Le besoin de se différencier

La raison semble toute trouvée. "Le roulement n'est pas considéré comme une pièce à risque, contrairement à une pièce technique comme le disque de frein, pour laquelle la renommée de la marque va jouer un rôle essentiel, estime Arnaud Pénot. De manière générale, sur un véhicule ancien, il y a donc une plus forte tendance à la MDD." Les équipementiers premium doivent donc redoubler d'efforts pour faire valoir leur force de conviction et vendre leurs produits. "Le prix prend parfois le pas pour le client, mais les garagistes ne veulent pas monter n'importe quoi, assure Carole Berwald. Les roulements restent des pièces fabriquées au micron près. Un certain niveau de qualité est nécessaire, et une pièce lambda ne peut pas l'assurer."

Car si le roulement n'est pas sujet aux dégâts soudains, la tenue de route peut être impactée s'il commence à prendre du jeu. "Cela reste une pièce de sécurité, et disposer d'une marque présente en première monte est rassurant" , selon Pierre Ecorchon, qui craint cependant la période actuelle. "Le contexte inflationniste pourrait engendrer une redistribution des cartes, redoute-t-il. Nous vivrons peut-être une cannibalisation des marques de distributeurs ou des marques B au détriment du premium.

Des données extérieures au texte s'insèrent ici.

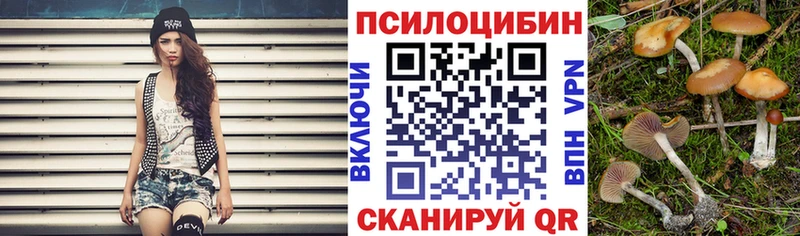 Псилоцибиновые грибы GOLDEN TEACHER  цены наркотик  Электроугли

Mais la marge du premium restera toujours plus intéressante pour les distributeurs que celle des MDD."

Avec Moog, DRiV affirme avoir la plus grande couverture du parc en termes de roulements.

Avec Moog, DRiV affirme avoir la plus grande couverture du parc en termes de roulements. ©DRiV

Plus que dans d'autres familles, qui occupent une place plus importante dans le paysage de l'après-vente, les équipementiers doivent être en mesure de se différencier de la concurrence. "Nous avons choisi de dépositionner notre offre de produits pour donner une alternative entre le premium et la MDD, confie Arnaud Pénot. Febi est ainsi une solution alternative pour ne pas investir trop, tout en étant au-dessus de la MDD."

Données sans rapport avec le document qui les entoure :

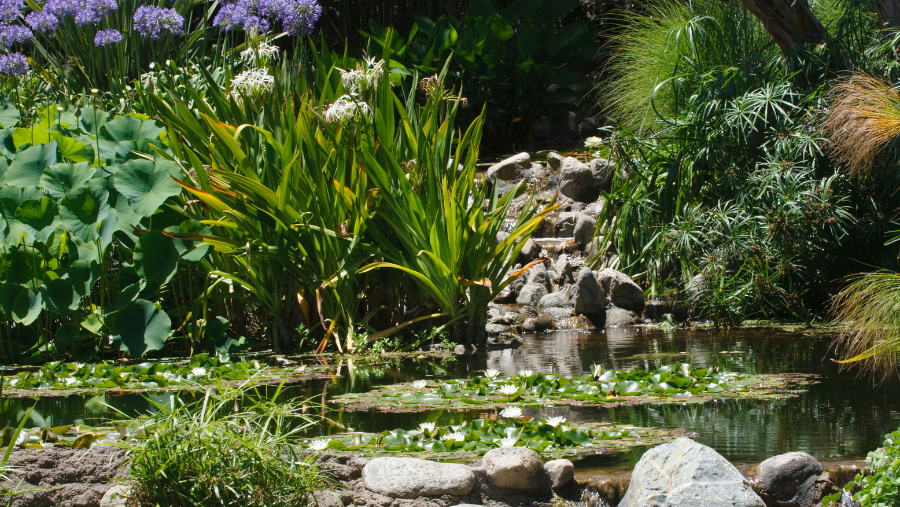 Choisir ses plantes d'étang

L'équipementier table aussi sur sa fameuse stratégie "fast to market" , assurant une intégration sur l'aftermarket des pièces moins de six mois après leur sortie en première monte. "Le risque de devoir changer un roulement au bout de six mois est faible, mais être en mesure de le faire dans les rares cas où cela arrive est important, reprend le directeur marketing de bilstein group. Les clients vont aussi plus facilement se tourner vers notre marque, sachant qu'il y a de fortes chances qu'on ait le produit qu'il leur faut."

Le service fait pleinement partie des éléments susceptibles de faire pencher la balance. À l'instar de NTN qui mise notamment sur TechScaN'R, une application facilitant l'accès à toutes les informations produits. "Nous travaillons aussi beaucoup sur la communication, et prenons en compte les problématiques des garages, complète Carole Berwald. Nous disposons d'une chaîne YouTube avec différents tutoriels, avons développé une gamme d'outillage et délivrons nos préconisations pour le montage et le démontage."

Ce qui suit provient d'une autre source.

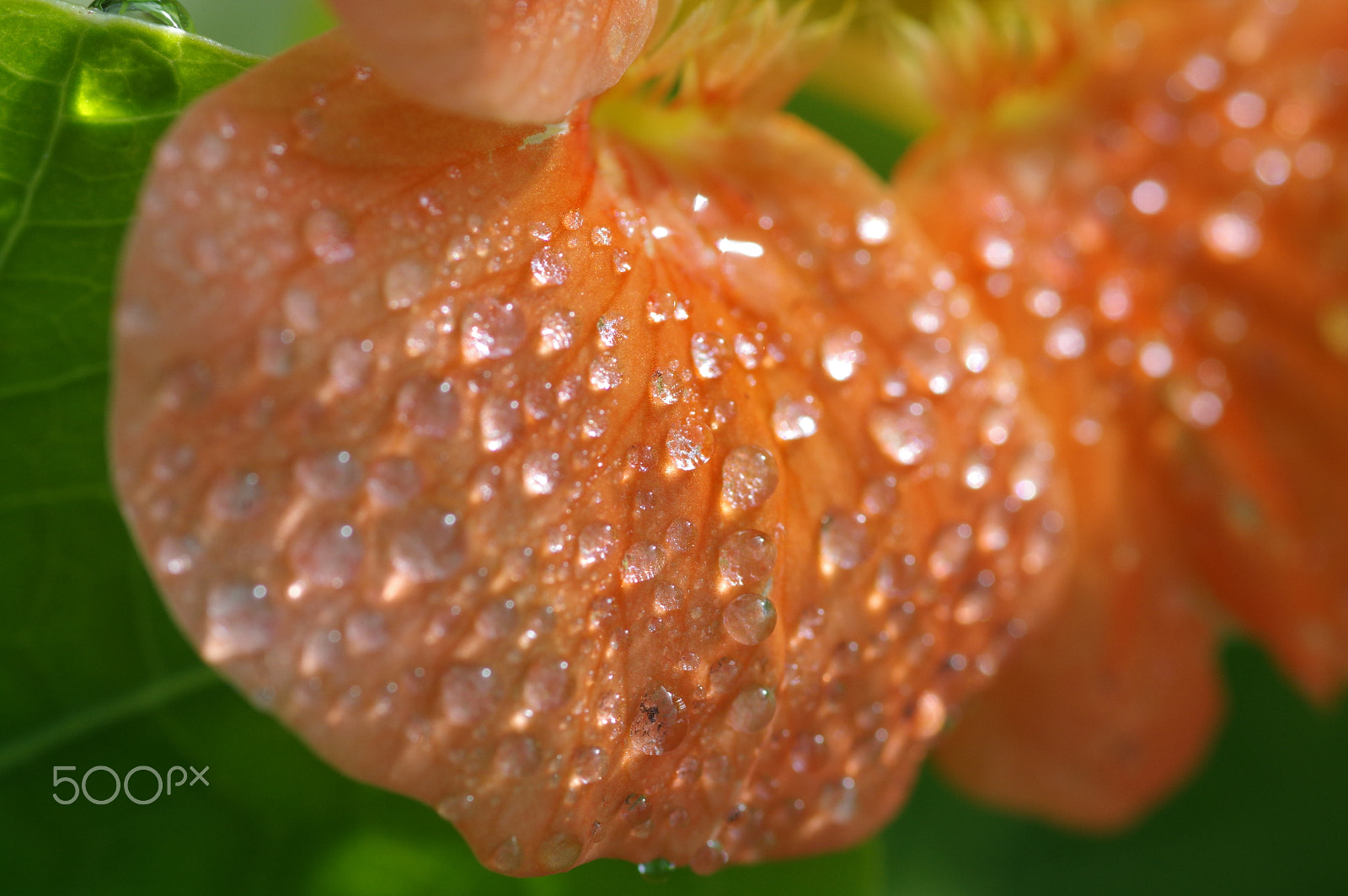 Pentax K-3 II sample photo. Petal and drops photography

Arrivé en 2017 sur le marché du roulement avec sa marque Moog, DRiV n'est pas encore parvenu à y imposer sa notoriété, acquise sur celui du châssis. "Il faut du recul et du temps pour s'installer, reconnaît Pierre Ecorchon. Mais nous avons la plus grande couverture de parc, de la génération 0, le vieux roulement conique à bille, à la génération 4, le disque avec roulement." Une largeur de gamme complétée par une garantie 3 ans et toutes sortes d'accessoires.

Selon Arnaud Pénot, de bilstein group, la disponibilité des pièces sera primordiale.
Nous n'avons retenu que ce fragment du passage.